17 novembre 2009 2 17 /11 /novembre /2009 12:50



A l’origine, il y a un escroc. Pas un virtuose de l’arnaque, pas un braqueur de casino à Vegas, un simple escroc un peu minable qui écume les villes du Nord pour récupérer du matériel de chantier qu’il revend au noir. Et puis un jour, il s’arrête dans une ville encore très marquée par l’arrêt d’un chantier d’autoroute tout proche. Les habitants croient que la société de construction a envoyé quelqu’un pour reprendre les travaux, ils l’accueillent comme un roi, avec les repas, les réunions…et les pots de vins. L’escroc se prend au jeu et relance tout seul le chantier…

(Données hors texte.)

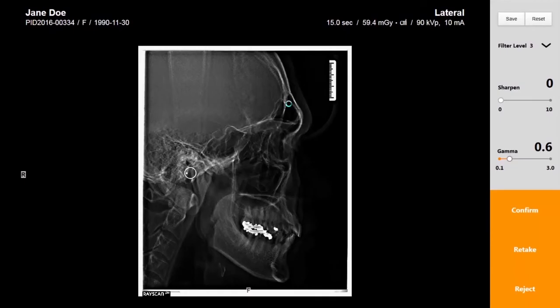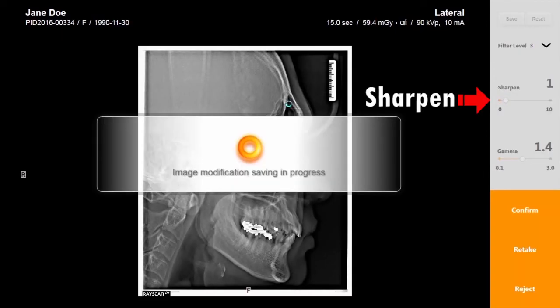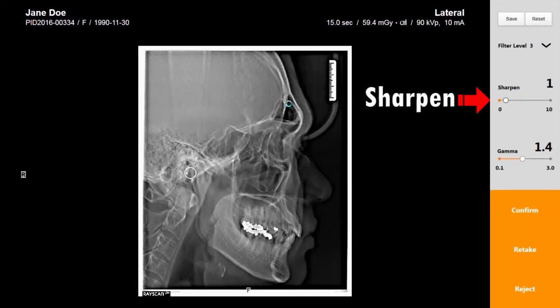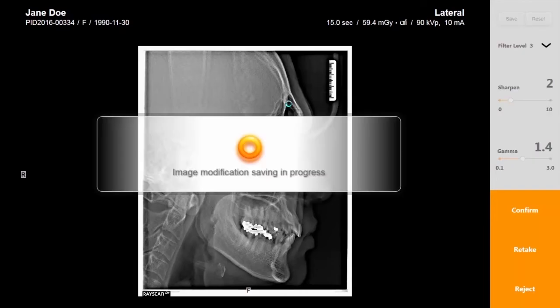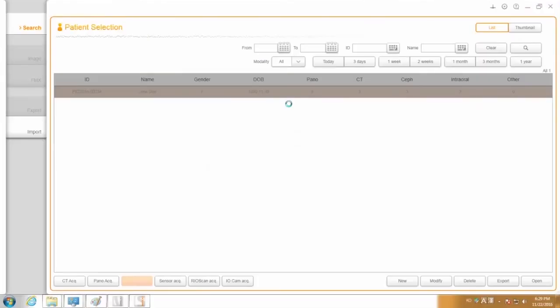After image acquisition, make any desired optimal image adjustments by adjusting the sharpen or gamma value. Click the confirm button to save the image.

Ce fait divers assez hallucinant s’est réellement passé, et il sert de matériau au nouveau film de Xavier Giannoli. Mais celui-ci à l’intelligence et la finesse d’aller beaucoup plus loin que la simple chronique de fait divers. Le film est riche, très riche, traite beaucoup de thèmes et de problématiques, sans oublier d’être surprenant et même parfois passionnant. Le cadre, d’abord : ce Nord pauvre et sinistré, où beaucoup de gens se débattent avec un taux de chômage trop élevé et une misère sociale et affective omniprésente. Dans cet endroit, qui a été abandonné par les entreprises et par l’état, on est prêt à tous les sacrifices pour accueillir à bras ouverts n’importe quelle personne qui apporte un semblant d’espoir. Ironie ultime, c’est la Maire du village qui se plaint des trahisons et des délocalisations sauvages, qui déroule le tapis rouge au nouvel escroc qui va se servir de la ville et de ses entreprises. Constat social et politique sévère, mais qui va être balayé par l’énergie incroyable qui va se créer autour du nouveau projet : tout le monde met la main à la pâte, la ville est en branle-bas de combat, et l’escroc devient un héros malgré lui. C’est là que le film d’arnaque bifurque vers quelque chose de beaucoup plus profond : le petit mec minable devient un chef de chantier, il est aimé, respecté, et il en oublie presque que tout cela est complètement irréel. Dans cette douce folie, il ne parvient plus à s’arrêter et, au fur et à mesure que son entreprise tombe en lambeaux, lui y croit de plus en plus. Le besoin de reconnaissance et le besoin des autres en général qui passe avant l’arnaque et le pognon : le message est simple, mais tellement bien illustré qu’il passe tout seul. Et dans ce cadre gris et triste, certaines scènes sont à la limite d’onirisme, quand tous les engins de chantiers offrent un défilé au nouveau héros local, où quand celui-ci loue des installations immenses pour éclairer le chantier, et finir le travail à temps avant que tout ne s’arrête.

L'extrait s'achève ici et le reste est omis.